Austin halts work on 99 construction projects following recent rain

Construction work has been suspended at 99 job sites in Austin on Monday and the City of Austin says it plans to inspect more sites throughout the week which could add to the list.

According to city officials, recent rains pushed soil and sediment from those construction sites into streets.

“We had two jobs in the city shut down that we know of I’ve talked with numerous builders in the city that has also had numerous jobs shut down,” said Chris Peterson the owner of Rivendale homes who got the notice at a couple of his sites. These notices, known as red tags, were passed out by the city Monday.

“When that happens everyone on the job has to leave and they lose a day pay." Peterson said his crews were in the middle of working when the city stopped by and told everyone to leave. These orders can lead to hefty costs.

“It's probably $400 to $500 a day then the lost wages of the guys not working on the job,” said Peterson.

After the recent rains and flooding, the City of Austin planned to inspect the nearly 2000 active construction sites across the area for soil and sediment which was washed out into the street.

“We don't want to contribute to anymore impact on the city's drainage infrastructure,” said John McDonald the Austin Environmental Conservation Program Manager.

McDonald said they're doing this to prevent potential flooding caused by drainage systems getting clogged by soil and sediment.
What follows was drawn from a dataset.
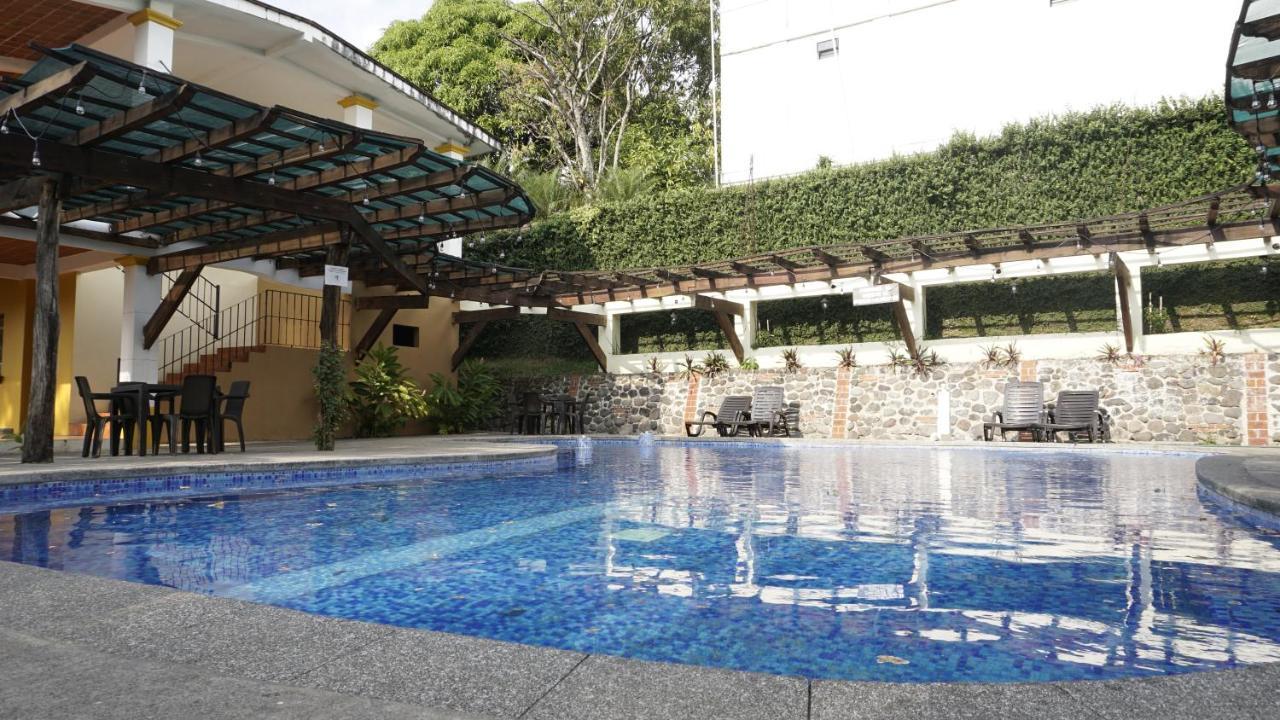 Zafra Hotel เรตาลูเลอ ภายนอก รูปภาพ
To get the red tag lifted, crews must clean the street and curb in their area. Once that's done a city inspector must come out to check which according to Peterson can take a while, “You have no idea; they could be out here tomorrow it could be next week.”

The city will be out inspecting more sites throughout the week as they plan to inspect every active site in the area.

One concern for Peterson is the area he's working in he said a lot of this soil and sediment is not coming from his site but instead uphill.

The city says they are looking into this issue but in some areas, with all the rain they've had, it's hard to tell where the soil and sediment came from.